Love Is the Killer App

By Dr. Alice Waagen

I was delighted to find “Love Is the Killer App,” by Tim Sanders, the director of Yahoo’s in-house think tank.

Working from the premise that success in business comes more from being a nice guy than a mad dog, his book explains why love is the crucial element in the search for personal and professional success.

Sanders opens the book by introducing us to a rude and aggressive business leader who gets dis-invited to a critical team meeting. Not only are his career aspirations evaporating, he is miserable at home, and thoroughly stressed. Sanders takes him under his wing, and advises: “Be a lovecat.”

Why? Because it turns out that the “take no prisoners” attitude often heralded in leadership books is not the way to long-term success, Sanders insists. The lovecat approach, however, works like a charm because when you willingly share your knowledge, your network, and your compassion — you win valuable allies.

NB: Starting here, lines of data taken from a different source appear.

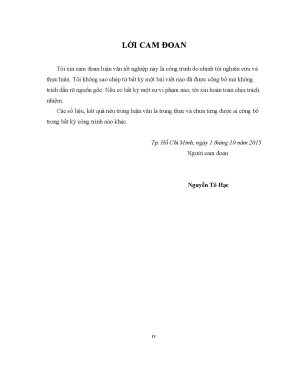 Luận văn thạc sĩ nghiên cứu phát triển lò đốt công nghiệp sử dụng nhiên liệu sinh khối trấu phục vụ nung gạch
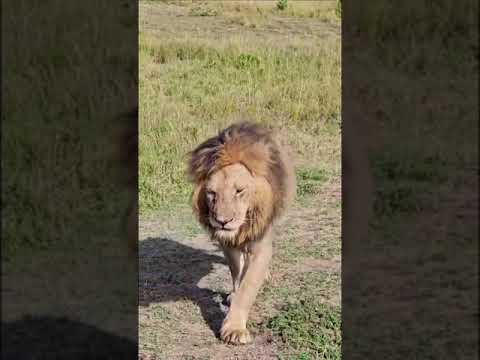 Masai Mara National Park, Kenya – front row live experience with the king of the jungle 😊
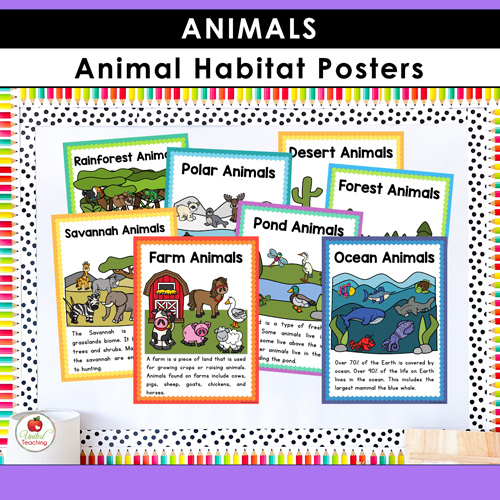 Animal Habitats Classification and Life Cycle Activities - Image 14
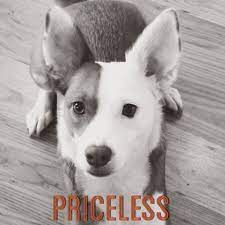 Rubicon Days Monday Musings The Craigslist Pet Conundrum Craigslist Pets Dog Blog Pets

Here’s how to embrace the lovecat in you:

Share your knowledge. Read about new trends, take mental notes about all of your interactions (successful and not), then relentlessly and openly share it with your colleagues. By playing off the old idea that “knowledge is power,” you will become the person in the office whom others trust and rely on for wisdom and advice.

Share your network. While hoarding your contact list and creating a closed universe that only you could access was once considered a good business practice, today we know that the opposite is true. By sharing contacts and networks, you open yourself to infinite expansion.

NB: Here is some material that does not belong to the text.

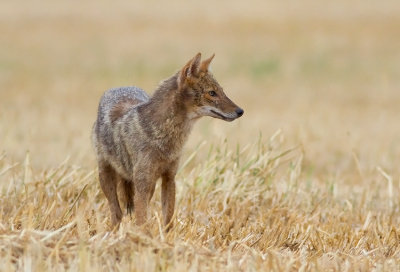 Golden Jackal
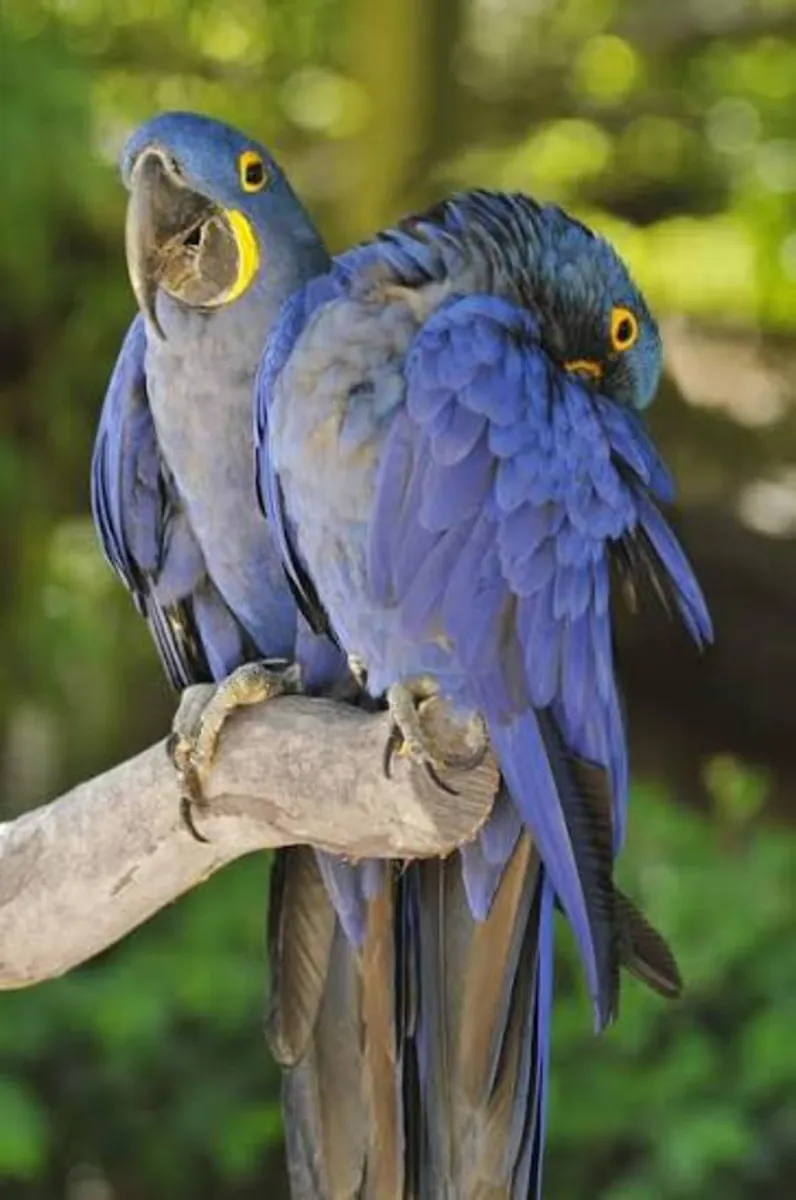 Available Jacinto Parrots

I know this from my own experience in networking. I am drawn to people that I like, people with similar beliefs and approaches to business and life. So when I introduce those in my network to each other, they tend to form positive bonds. As a result, my network has grown exponentially and is now filled with people I enjoy interacting with — who also enjoy each other. What a pleasure that is.

Share your compassion. This one aspect of the “lovecat way” is perhaps the most unusual for a business book. Here, Sanders challenges us to be more open with our feelings, which is something unheard of in business. Nonetheless, he insists that by being openly compassionate, we show our willingness to be human at work.

He encourages us to demonstrate our warmth through a simple, non-threatening gesture like touching someone on the shoulder, body language like uncrossing our arms, and by making eye contact. Try it.

The bottom line

At the core of Sanders’ lovecat approach is this simple idea: In this age of electronic relationships, strong interpersonal, authentically caring relations are the best killer app.

So take this challenge: Between now and my next e-newsletter in April, I challenge you to emulate the behaviors Sanders outlined in his book and see if you are more successful at work — and at home.

My guess is that if you do, you will be a more valued and valuable asset to your team. Send me an email and let me know what you find: alice@workforcelearning.com.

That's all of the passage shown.